Few of us recall that the word ‘tide’ is simply an older word for ‘time’. The splash of oar against wave, the line of breakers riding up to the beach, the stripe that the canal touches at its fullest, the relentless rise of the acqua alta that surges in from lagoon to piazza — all these are ways of telling what time it is, when it’s time, when it’s high time, or when we’ve run out of time. Nowhere is the relationship between water and time more sensuously, passionately or sumptuously invoked than in Joseph Brodsky’s extended love letter to Venice, Watermark. It has remained one of my favourite books for nearly three decades.

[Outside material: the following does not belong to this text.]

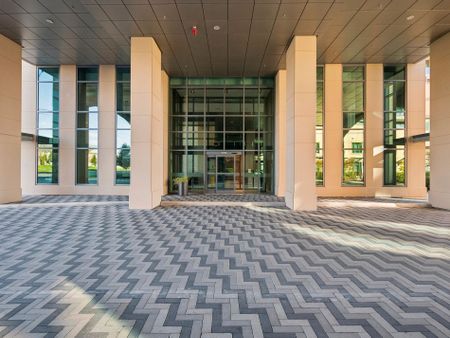 For Lease - 11750 Ninth Line Unit# 525, Whitchurch-Stouffville, Ontario - Photo 3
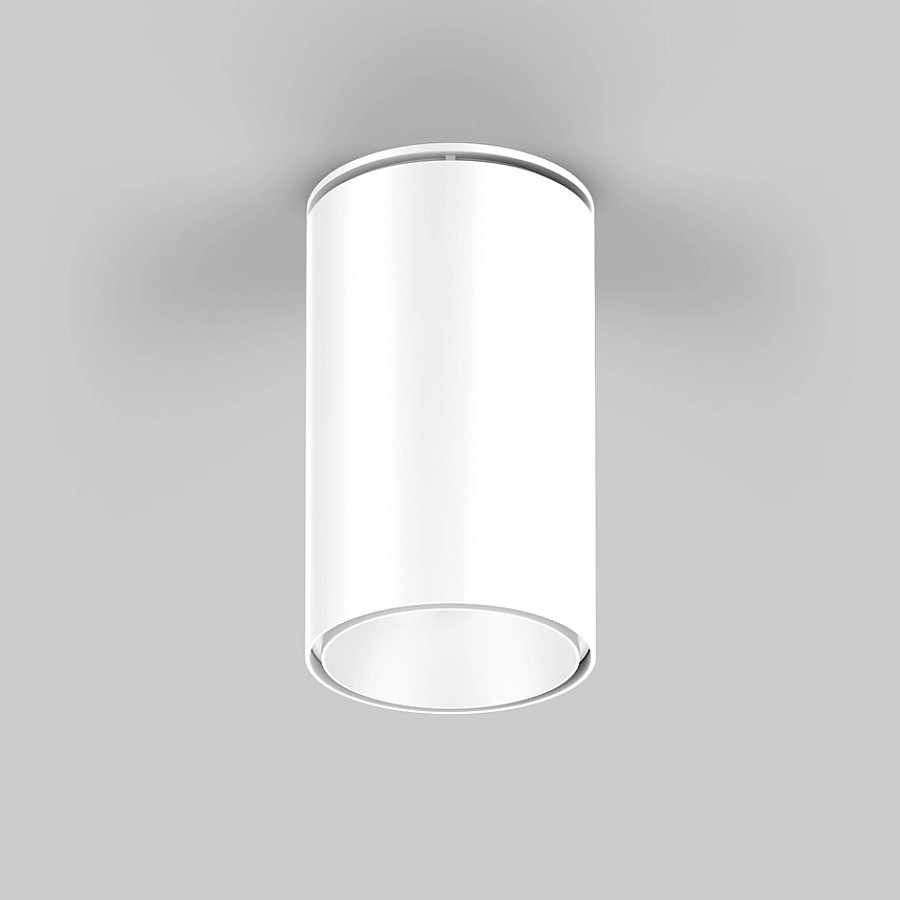SASSO 100 ROUND CEILING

Weaving together anecdote and aphorism, painting a striking portrait of a Venetian aristocrat, recalling the exploration of a palazzo in magical semi-darkness or a long walk across twelve bridges, the Russian poet — who was imprisoned by the Soviet authorities and later migrated to the USA — invites us into the lived experience of a legendary, labyrinthine city. Brodsky recalls how Venice was a fantasy for him, when he was confined to the Baltic coast, and how he promised himself that he would visit there if he ever escaped to liberty. Eventually, he ended up visiting the city many, many times, spending extended periods and forming strong associations there. In Brodsky’s memoir, Venice assumes the dynamism of a person, wearing and discarding masks, costuming itself in different kinds of weather, transiting from one mood to another. The poet’s eye dwells on the winter light of Venice, cold and pure, the “caress of infinity”. It falls on little architectural details like the chimera with “the head of a lion and the body of a dolphin” that leaps out of a wall.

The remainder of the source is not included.